Re: [PATCH 0/4] sched/fair: SMT-aware asymmetric CPU capacity
From: Balbir Singh
Date: Sat Mar 28 2026 - 09:03:54 EST
On 3/27/26 02:02, Andrea Righi wrote:
> This series attempts to improve SD_ASYM_CPUCAPACITY scheduling by
> introducing SMT awareness.
>
> = Problem =
>
> Nominal per-logical-CPU capacity can overstate usable compute when an SMT
> sibling is busy, because the physical core doesn't deliver its full nominal
> capacity. So, several SD_ASYM_CPUCAPACITY paths may pick high capacity CPUs
> that are not actually good destinations.
>
> = Proposed Solution =
>
> This patch set aligns those paths with a simple rule already used
> elsewhere: when SMT is active, prefer fully idle cores and avoid treating
> partially idle SMT siblings as full-capacity targets where that would
> mislead load balance.
In kernel/sched/topology.c
/* Don't attempt to spread across CPUs of different capacities. */
if ((sd->flags & SD_ASYM_CPUCAPACITY) && sd->child)

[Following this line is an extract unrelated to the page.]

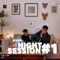 Night Session #1 (feat. Vali BK) - Mvnni lyrics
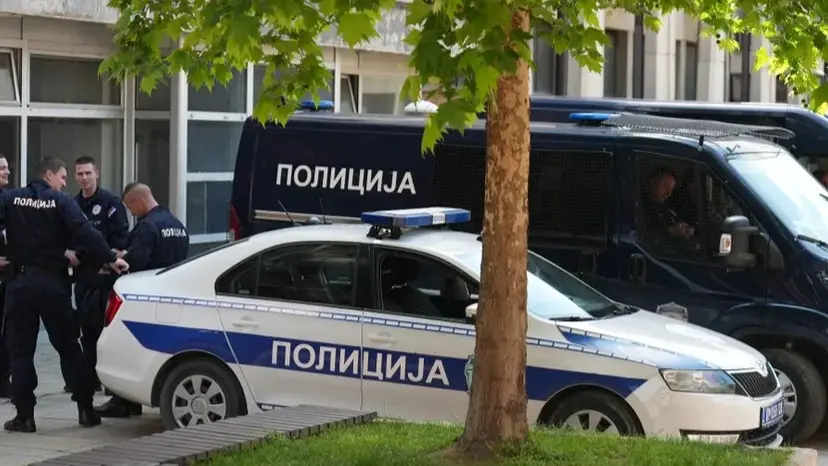 Mladost-ludost kao olakšavajuća okolnost: Sipao preko 30 litara goriva i pobegao sa pumpe, mladić iz Čačka mora sada sve da plati mnogo skuplje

sd->child->flags &= ~SD_PREFER_SIBLING;
Should handle the selection, but I guess this does not work for SMT level sd's?
>
> Patch set summary:
>
> - [PATCH 1/4] sched/fair: Prefer fully-idle SMT cores in asym-capacity idle selection
>
> Prefer fully-idle SMT cores in asym-capacity idle selection. In the
> wakeup fast path, extend select_idle_capacity() / asym_fits_cpu() so
> idle selection can prefer CPUs on fully idle cores, with a safe fallback.
>
> - [PATCH 2/4] sched/fair: Reject misfit pulls onto busy SMT siblings on asym-capacity
>
> Reject misfit pulls onto busy SMT siblings on SD_ASYM_CPUCAPACITY.

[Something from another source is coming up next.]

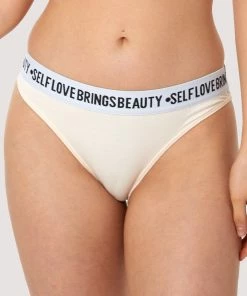 Felicity Hayward X PP Self Love Blush Brief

> Provided for consistency with PATCH 1/4.
>
> - [PATCH 3/4] sched/fair: Enable EAS with SMT on SD_ASYM_CPUCAPACITY systems
>
> Enable EAS with SD_ASYM_CPUCAPACITY and SMT. Also provided for
> consistency with PATCH 1/4. I've also tested with/without
> /proc/sys/kernel/sched_energy_aware enabled (same platform) and haven't
> noticed any regression.
>
> - [PATCH 4/4] sched/fair: Prefer fully-idle SMT core for NOHZ idle load balancer
>
> When choosing the housekeeping CPU that runs the idle load balancer,
> prefer an idle CPU on a fully idle core so migrated work lands where
> effective capacity is available.
>
> The change is still consistent with the same "avoid CPUs with busy
> sibling" logic and it shows some benefits on Vera, but could have
> negative impact on other systems, I'm including it for completeness
> (feedback is appreciated).
>
> This patch set has been tested on the new NVIDIA Vera Rubin platform, where
> SMT is enabled and the firmware exposes small frequency variations (+/-~5%)

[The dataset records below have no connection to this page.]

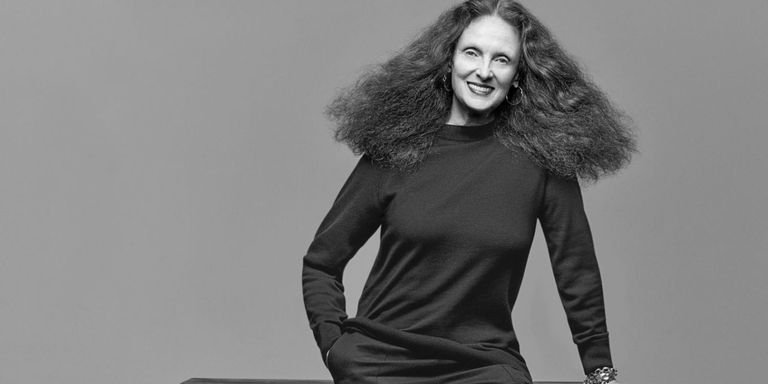 Grace Coddington 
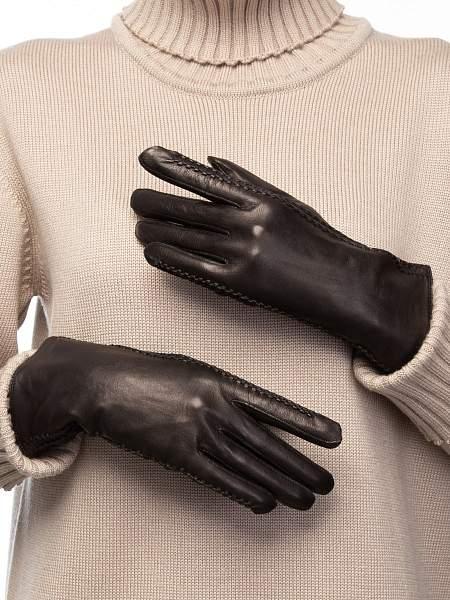 Перчатки женские ш/п TOUCH HP91104 black Eleganzza, Артикул: TOUCH HP91104-65_01-00001 фото №1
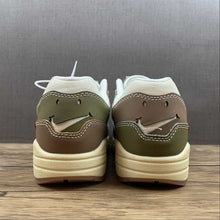 Cargar imagen en el visor de la galería, Air Max 1 Premium Wabi-Sabi Tan Olive Sail Brown DQ8656-133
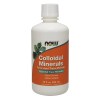 Colloidal Minerals, Raspberry - 946 ml.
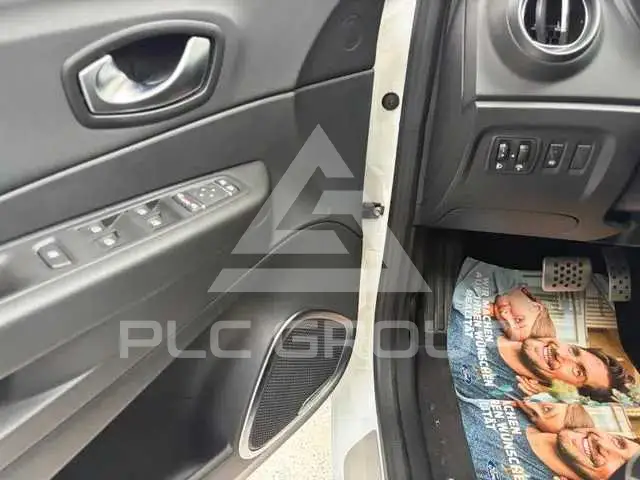 2019 Renault Captur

> as differences in CPU capacity, resulting in SD_ASYM_CPUCAPACITY being set.
>
Are you referring to nominal_freq?
> Without these patches, performance can drop up to ~2x with CPU-intensive
> workloads, because the SD_ASYM_CPUCAPACITY idle selection policy does not
> account for busy SMT siblings.
>
> Alternative approaches have been evaluated, such as equalizing CPU
> capacities, either by exposing uniform values via firmware (ACPI/CPPC) or
> normalizing them in the kernel by grouping CPUs within a small capacity
> window (+-5%) [1][2], or enabling asympacking [3].
>
> However, adding SMT awareness to SD_ASYM_CPUCAPACITY has shown better
> results so far. Improving this policy also seems worthwhile in general, as
> other platforms in the future may enable SMT with asymmetric CPU
> topologies.
>
> [1] https://lore.kernel.org/lkml/20260324005509.1134981-1-arighi@xxxxxxxxxx
> [2] https://lore.kernel.org/lkml/20260318092214.130908-1-arighi@xxxxxxxxxx
> [3] https://lore.kernel.org/all/20260325181314.3875909-1-christian.loehle@xxxxxxx/
>
> Andrea Righi (4):
> sched/fair: Prefer fully-idle SMT cores in asym-capacity idle selection
> sched/fair: Reject misfit pulls onto busy SMT siblings on asym-capacity
> sched/fair: Enable EAS with SMT on SD_ASYM_CPUCAPACITY systems
> sched/fair: Prefer fully-idle SMT core for NOHZ idle load balancer
>
> kernel/sched/fair.c | 163 +++++++++++++++++++++++++++++++++++++++++++-----
> kernel/sched/topology.c | 9 ---
> 2 files changed, 147 insertions(+), 25 deletions(-)
Thanks,
Balbir